===== THE INPUT =====
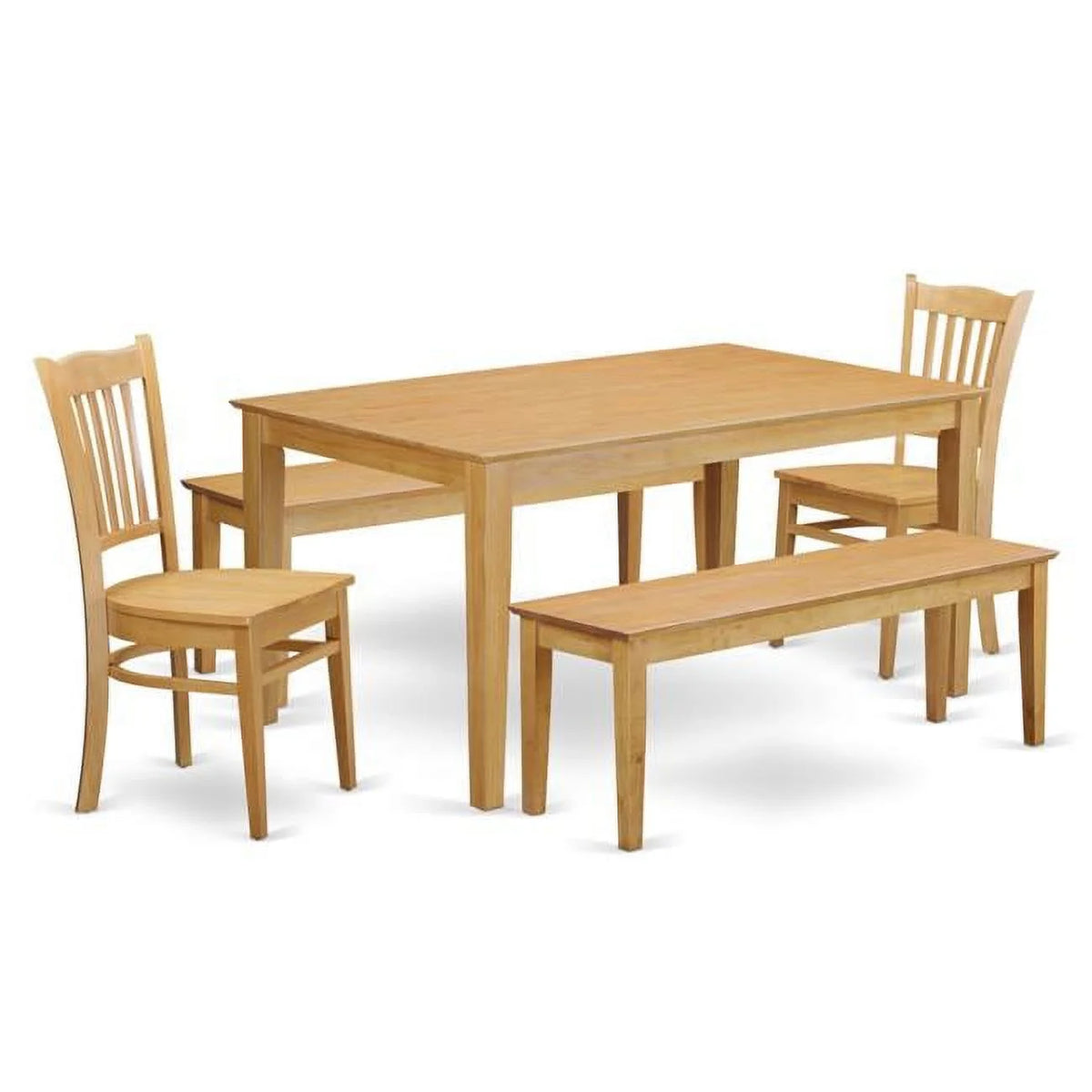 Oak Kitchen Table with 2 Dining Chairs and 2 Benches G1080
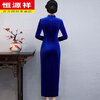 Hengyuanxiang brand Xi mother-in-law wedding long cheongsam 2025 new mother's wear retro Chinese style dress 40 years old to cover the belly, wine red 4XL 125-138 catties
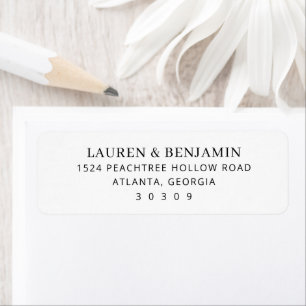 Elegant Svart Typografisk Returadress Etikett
=====
===== THE INPUT =====
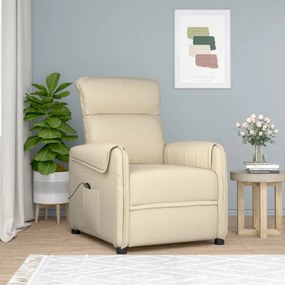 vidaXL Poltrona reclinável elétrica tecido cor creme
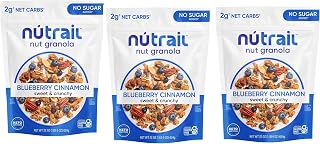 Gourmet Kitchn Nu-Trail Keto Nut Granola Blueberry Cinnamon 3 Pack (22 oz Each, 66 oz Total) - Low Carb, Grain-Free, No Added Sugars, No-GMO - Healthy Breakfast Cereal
=====
===== THE INPUT =====
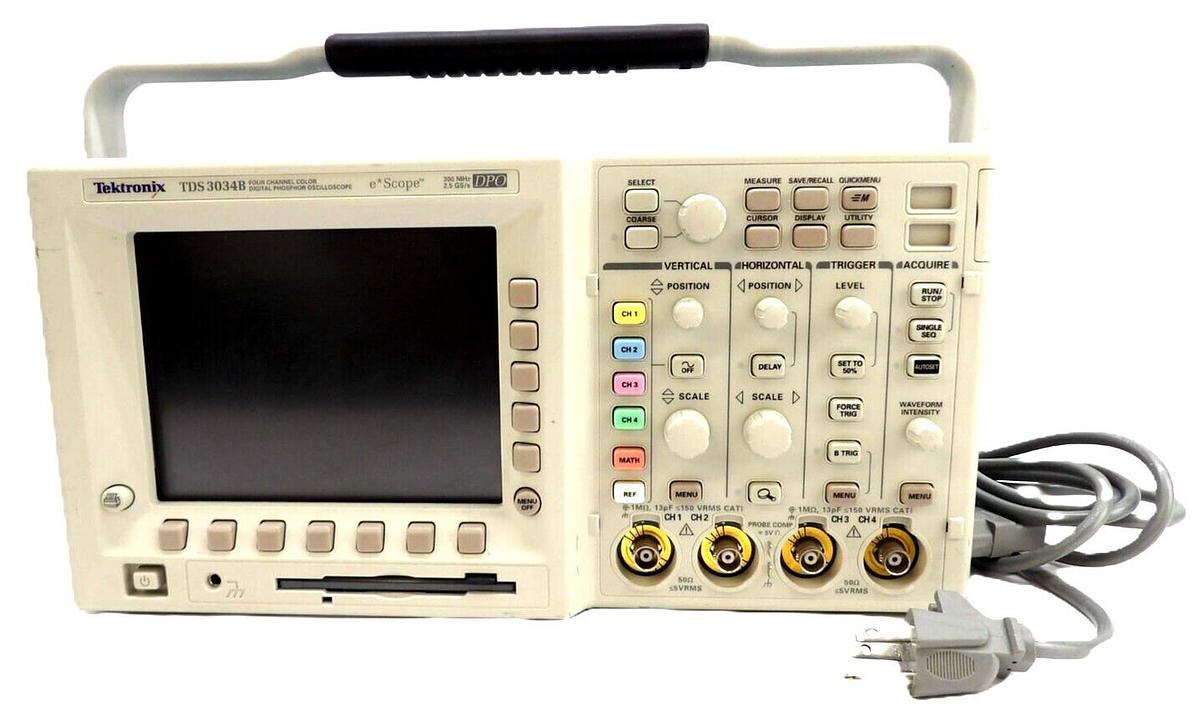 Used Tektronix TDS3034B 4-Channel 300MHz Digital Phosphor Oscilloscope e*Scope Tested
=====
### TASK DETAILS
Given the records above, return the lines starting at the one that holds "Oak Kitchen Table" and ending at the one that holds "Elegant Svart Typografisk", exactly, and nothing besides; leave every picture out.

### COMPLETED EXERCISE
 Oak Kitchen Table with 2 Dining Chairs and 2 Benches G1080
 Hengyuanxiang brand Xi mother-in-law wedding long cheongsam 2025 new mother's wear retro Chinese style dress 40 years old to cover the belly, wine red 4XL 125-138 catties
 Elegant Svart Typografisk Returadress Etikett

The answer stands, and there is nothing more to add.